MIDEO takes the planning and consultation out of the hands of the hospital and hospital healthcare providers. MIDEO has a team of healthcare specialists that work with patients to find the options that are not only personalized but also the best for them and their loved ones. 

As hospitals continue to feel the strain of the ongoing pandemic and nursing shortage, there are fewer and fewer resources dedicated to informing patients about advance directives and end-of-life decisions. MIDEO is helping to remove the strain. 

Currently, there are three options available for MIDEO Card. Each provides a personalized virtual meeting with a specialist to discuss all aspects of advance directives and end-of-life wishes. 

Essential Package (designed for healthy individuals):

◉ Includes a standardized guided process with a Qualified Healthcare Professional to create your safety statement

◉ 2 Copies of the Identification Cards.

Vital Package (designed for individuals with multiple medical problems or ages 60 & above):

◉ Includes a guided process and detailed healthcare evaluation with a Board Certified Physician to create your safety statement

◉ 2 Copies of the Identification Cards.

VIP Healthcare Concierge Advocate (designed for Individuals (e.g.: those with cancer) Who Require Navigation Through the Complex Medical System Who Have Specific Goals to Be Achieved): 

◉ Includes the Vital Package, but also includes a designated Concierge Physician Advocate who will be available to assist and provide guidance 24 hours a day.

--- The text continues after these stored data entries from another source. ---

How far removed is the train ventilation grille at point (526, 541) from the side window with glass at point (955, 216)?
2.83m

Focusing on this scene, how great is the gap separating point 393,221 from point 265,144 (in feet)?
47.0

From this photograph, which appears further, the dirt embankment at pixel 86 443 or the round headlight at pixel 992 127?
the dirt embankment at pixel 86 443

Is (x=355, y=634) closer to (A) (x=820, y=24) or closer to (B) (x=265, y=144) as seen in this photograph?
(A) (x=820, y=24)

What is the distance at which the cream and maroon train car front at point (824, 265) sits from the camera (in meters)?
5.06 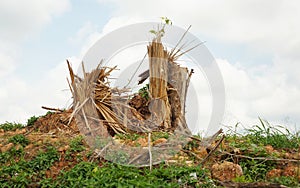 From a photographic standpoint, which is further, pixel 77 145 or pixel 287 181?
pixel 77 145

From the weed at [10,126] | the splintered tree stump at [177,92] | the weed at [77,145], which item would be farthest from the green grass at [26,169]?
the splintered tree stump at [177,92]

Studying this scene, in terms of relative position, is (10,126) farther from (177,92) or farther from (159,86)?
(177,92)

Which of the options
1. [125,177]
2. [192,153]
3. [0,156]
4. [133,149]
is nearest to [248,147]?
[192,153]

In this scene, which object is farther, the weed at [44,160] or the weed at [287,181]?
the weed at [44,160]

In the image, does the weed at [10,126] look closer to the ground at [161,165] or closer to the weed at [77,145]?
the ground at [161,165]

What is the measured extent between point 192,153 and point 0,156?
2051mm

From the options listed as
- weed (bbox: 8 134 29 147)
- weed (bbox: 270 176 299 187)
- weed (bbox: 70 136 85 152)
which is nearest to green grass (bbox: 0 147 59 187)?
weed (bbox: 70 136 85 152)

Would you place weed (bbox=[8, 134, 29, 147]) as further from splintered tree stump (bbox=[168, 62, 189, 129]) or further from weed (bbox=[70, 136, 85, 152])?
splintered tree stump (bbox=[168, 62, 189, 129])

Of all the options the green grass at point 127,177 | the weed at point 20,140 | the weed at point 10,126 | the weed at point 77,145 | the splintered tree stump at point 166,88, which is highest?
the splintered tree stump at point 166,88

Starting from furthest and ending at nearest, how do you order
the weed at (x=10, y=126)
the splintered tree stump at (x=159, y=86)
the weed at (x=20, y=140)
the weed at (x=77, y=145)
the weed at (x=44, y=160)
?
the weed at (x=10, y=126) < the splintered tree stump at (x=159, y=86) < the weed at (x=20, y=140) < the weed at (x=77, y=145) < the weed at (x=44, y=160)

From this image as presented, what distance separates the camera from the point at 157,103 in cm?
671

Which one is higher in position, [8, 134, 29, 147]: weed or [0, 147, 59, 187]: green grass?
[8, 134, 29, 147]: weed

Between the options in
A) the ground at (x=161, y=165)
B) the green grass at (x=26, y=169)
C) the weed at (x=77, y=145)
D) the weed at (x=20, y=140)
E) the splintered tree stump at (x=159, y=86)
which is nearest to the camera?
the ground at (x=161, y=165)

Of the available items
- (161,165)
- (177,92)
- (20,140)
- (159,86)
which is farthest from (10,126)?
(161,165) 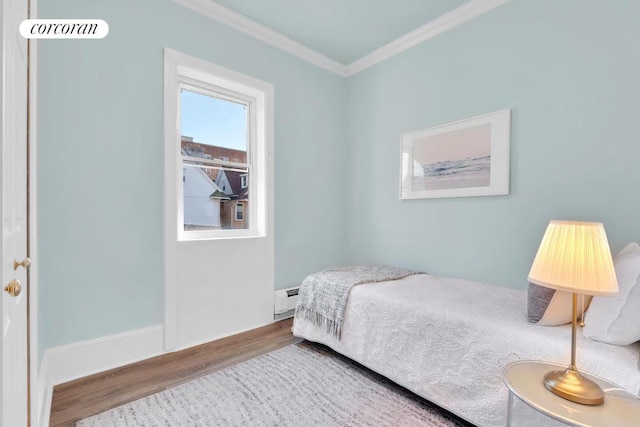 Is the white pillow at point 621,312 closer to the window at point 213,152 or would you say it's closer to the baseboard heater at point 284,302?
the baseboard heater at point 284,302

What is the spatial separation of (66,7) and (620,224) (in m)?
3.54

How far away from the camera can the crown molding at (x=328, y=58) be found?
7.78 ft

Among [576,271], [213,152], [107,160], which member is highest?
[213,152]

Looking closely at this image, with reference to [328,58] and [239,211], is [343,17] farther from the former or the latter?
[239,211]

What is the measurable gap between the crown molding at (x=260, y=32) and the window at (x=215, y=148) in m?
0.40

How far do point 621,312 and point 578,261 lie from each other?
42 centimetres

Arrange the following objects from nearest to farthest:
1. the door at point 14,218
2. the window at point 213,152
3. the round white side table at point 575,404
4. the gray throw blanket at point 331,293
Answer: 1. the door at point 14,218
2. the round white side table at point 575,404
3. the gray throw blanket at point 331,293
4. the window at point 213,152

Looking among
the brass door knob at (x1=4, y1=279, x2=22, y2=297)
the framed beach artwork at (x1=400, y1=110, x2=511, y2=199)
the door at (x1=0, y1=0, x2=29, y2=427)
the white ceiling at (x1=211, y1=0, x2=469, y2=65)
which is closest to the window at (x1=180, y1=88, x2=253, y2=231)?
the white ceiling at (x1=211, y1=0, x2=469, y2=65)

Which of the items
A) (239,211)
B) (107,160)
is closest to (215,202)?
(239,211)

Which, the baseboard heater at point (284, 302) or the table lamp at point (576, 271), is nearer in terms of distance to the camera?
the table lamp at point (576, 271)

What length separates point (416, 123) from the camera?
110 inches

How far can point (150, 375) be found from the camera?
197cm

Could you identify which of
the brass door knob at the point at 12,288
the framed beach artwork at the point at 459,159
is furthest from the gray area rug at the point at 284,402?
the framed beach artwork at the point at 459,159

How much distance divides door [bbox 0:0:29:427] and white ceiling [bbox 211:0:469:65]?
171 centimetres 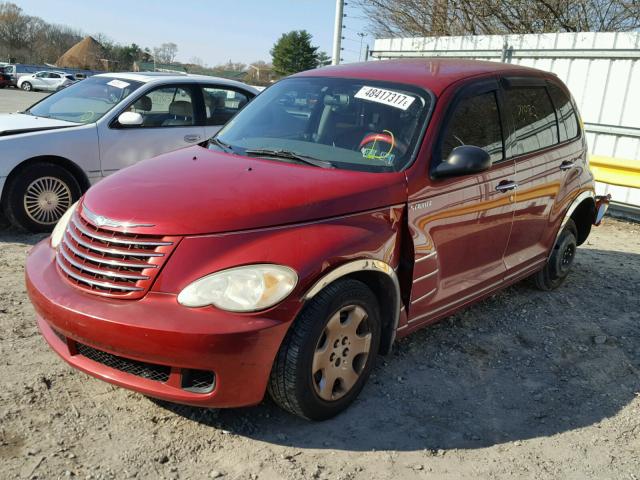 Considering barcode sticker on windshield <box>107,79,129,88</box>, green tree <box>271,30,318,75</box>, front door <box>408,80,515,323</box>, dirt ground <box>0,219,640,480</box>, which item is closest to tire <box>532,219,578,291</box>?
dirt ground <box>0,219,640,480</box>

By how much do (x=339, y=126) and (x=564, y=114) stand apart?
2.25m

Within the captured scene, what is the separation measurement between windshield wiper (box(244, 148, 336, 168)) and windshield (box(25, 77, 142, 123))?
353cm

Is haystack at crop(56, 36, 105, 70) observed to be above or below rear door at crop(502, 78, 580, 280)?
below

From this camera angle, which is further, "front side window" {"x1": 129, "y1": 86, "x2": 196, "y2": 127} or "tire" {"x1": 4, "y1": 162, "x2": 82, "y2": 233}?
"front side window" {"x1": 129, "y1": 86, "x2": 196, "y2": 127}

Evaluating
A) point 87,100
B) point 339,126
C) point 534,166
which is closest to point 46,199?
point 87,100

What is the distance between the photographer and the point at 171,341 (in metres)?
2.49

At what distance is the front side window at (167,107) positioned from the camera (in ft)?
21.6

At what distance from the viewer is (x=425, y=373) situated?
365cm

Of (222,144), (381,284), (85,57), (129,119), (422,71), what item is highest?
(422,71)

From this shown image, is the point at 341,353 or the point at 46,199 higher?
the point at 341,353

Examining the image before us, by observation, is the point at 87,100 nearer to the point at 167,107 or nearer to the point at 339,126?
the point at 167,107

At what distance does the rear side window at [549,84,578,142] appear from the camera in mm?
4730

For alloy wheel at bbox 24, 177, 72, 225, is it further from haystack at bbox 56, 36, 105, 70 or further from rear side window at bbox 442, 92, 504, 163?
haystack at bbox 56, 36, 105, 70

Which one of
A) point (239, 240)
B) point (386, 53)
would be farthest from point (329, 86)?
point (386, 53) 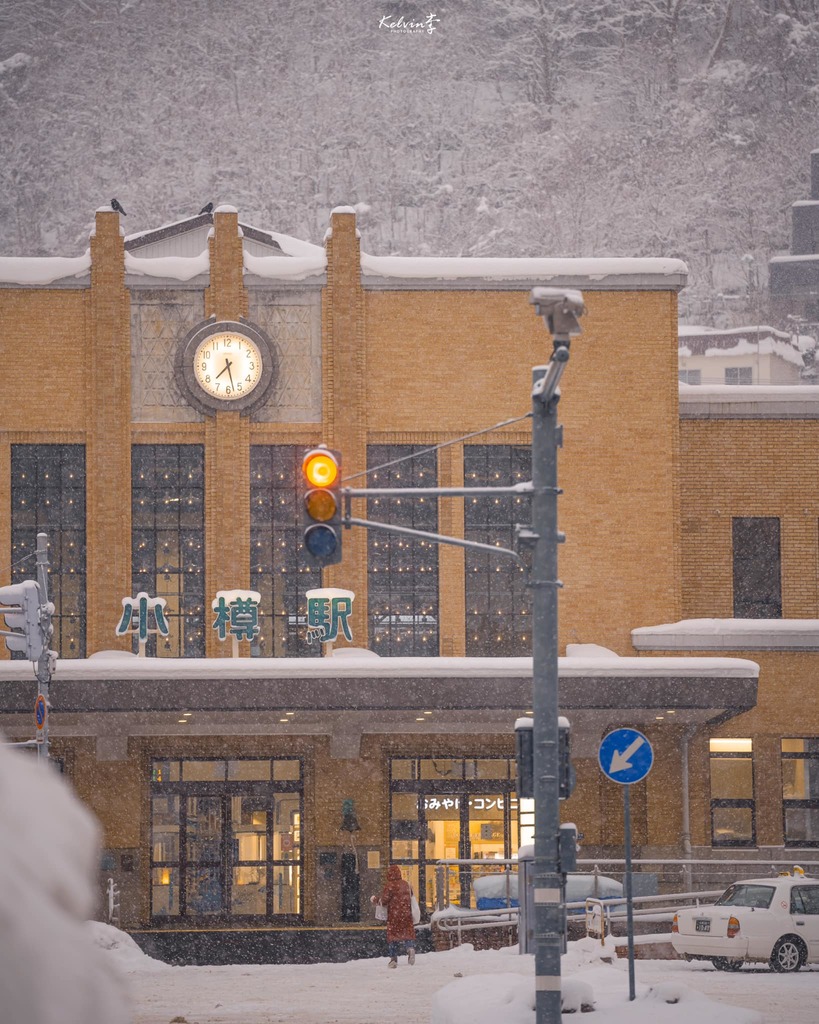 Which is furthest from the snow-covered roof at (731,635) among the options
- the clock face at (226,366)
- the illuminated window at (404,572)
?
the clock face at (226,366)

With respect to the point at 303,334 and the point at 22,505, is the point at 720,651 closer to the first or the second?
the point at 303,334

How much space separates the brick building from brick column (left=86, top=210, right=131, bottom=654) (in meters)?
0.06

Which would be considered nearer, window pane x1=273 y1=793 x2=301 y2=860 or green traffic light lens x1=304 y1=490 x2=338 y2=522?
green traffic light lens x1=304 y1=490 x2=338 y2=522

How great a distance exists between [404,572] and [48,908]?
1282 inches

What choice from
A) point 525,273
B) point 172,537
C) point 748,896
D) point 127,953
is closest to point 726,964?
point 748,896

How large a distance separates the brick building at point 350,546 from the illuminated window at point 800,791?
7cm

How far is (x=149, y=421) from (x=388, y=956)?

While there is a fee associated with the use of MIDEO Card, most major health insurance plans including Managed Medicare and Medicare with supplemental insurance plans have covered the cost of MIDEO in full or for a small co-pay.  

As of January 1, 2016, Medicare-approved billing codes allow individuals to receive Advance Care Planning Education & Counseling. Commonly, this is considered the end of Life planning or counseling.        

How It Works?

According to the website, the MIDEO video is accessed by any type of smart device including a smartphone and/or tablet. The camera feature scans the QR code technology on the MIDEO ID card of the patient. The video is then quickly retrieved within seconds in a safe and secure manner. 

MIDEO suggests informing all healthcare providers of the QR code and having it stored in your patient file so that it can be accessed immediately if needed. 

The video aspect is essential to the success of MIDEO and the future of advanced directives and end-of-life planning. Because many states allow individuals to complete advanced directives online without assistance, it is possible that individuals do not fully understand the choices presented to them or that they can make their own that are listed. 

“As I like to say, the form is only as good as the conversation and the shared understanding that goes along with it,” said Dr. Rebecca Sudore of the University of California, San Francisco School of Medicine who wasn’t involved in the study.

“Some people do fill out these forms with families or lawyers, and then the forms sit in the dusty recesses of a back drawer and they are not available or shared with family and friends, especially before they are needed,” she told Reuters Health by email.

As Americans live longer, especially with chronic medical conditions, and healthcare continues to make advancements against the fight of once terminal diagnoses, it is essential that individuals make their end-of-life wishes known to not only their families but also to their healthcare providers. MIDEO Card takes away the guesswork. It leaves a lasting gift to families and loved ones having to make difficult decisions.